Firstly the bad news.........
I have just discovered that both of my hard drives of photos and movies have been infected by some evil virus and i'm unable to retrieve any photos to show you lovely people of my time here in Bamako.
Hopefully I'll be able do get a clever computer nerd to rescue things when i get back home but for the meantime you'll have to just use your imagination a little more than usual. My good friends from the Visions Series do have back ups of most of the material so all is not lost..... i hope.
And now the good news......
There will be some links for musicians in this post so why not click on one and listen to some beautiful Malian music while reading. That should make up for the lack of visual aids.
When i first arrived here in the capital city of Bamako I realy didn't like the place. I found the pollution absolutly overwhelming and the taxi drivers cut up the streets like total nutters trusting in Allah alone that we will live to see another day. The madness of city life just made no sense to me. The only green spaces that i first noticed in the city were little gardens growing salads and vegetables on any available piece of land. This maybe wasteland amongst building sites or along the banks of the majesitc river Niger that flows right through the centre of town. But so often these gardens will grow alongside black stinking stagnant pools of water and apperently the local poeple wash their salads with a few drops of bleach just to be sure its clean from any lingering nastees. Mmmmmmmmm, Salad with bleach sir?
With the general state of dirt and dust in this place it was inevitable that I would get sick at some point so after 6 months on the road I had my first bout amoebic nastees that left me laid up in bed in a feveresh sweat and peeing out of my bum. (sorry if that was to much detail for some of you, but i guess its part of the realities of travel in some parts of the world.)

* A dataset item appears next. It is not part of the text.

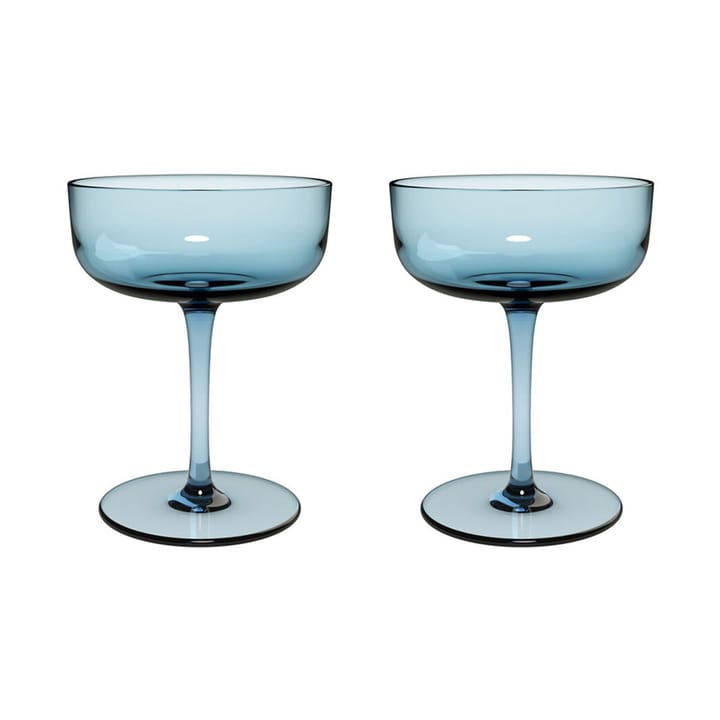 Like Champagnerglas coupe 10 cl 2er Pack - Ice - Villeroy & Boch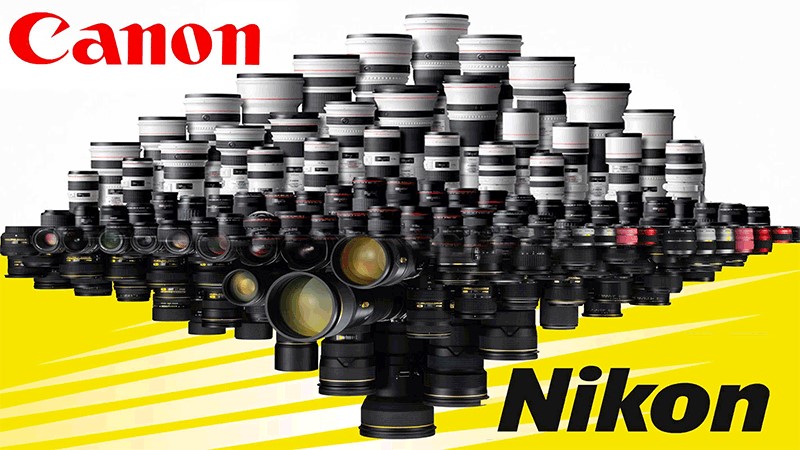 Hvad er bedre canon eller nikon fotokamera?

But having said all that and now that I have recovered from my sikness and a little more used to the place I really have grown quiet fond of this city or rather it's wonderful people and culture. I have spent the last 10 days staying in the home of Soloman Dembele right on the edge of town away from the madness. Its pretty much a neighbourhood under construction, like so much of this city, and is as dusty and disorganised as the rest but has a calmness about it and all the local folk I have met have been great fun and very kind. I am staying with a Dutch friend here who is a singer and music student and with Soloman who is fantastic Kora (West African Harp) player and well known instrument maker. All sorts of musicians pass by and and there's allways a friendly face about the place and sometimes some nice jams going on.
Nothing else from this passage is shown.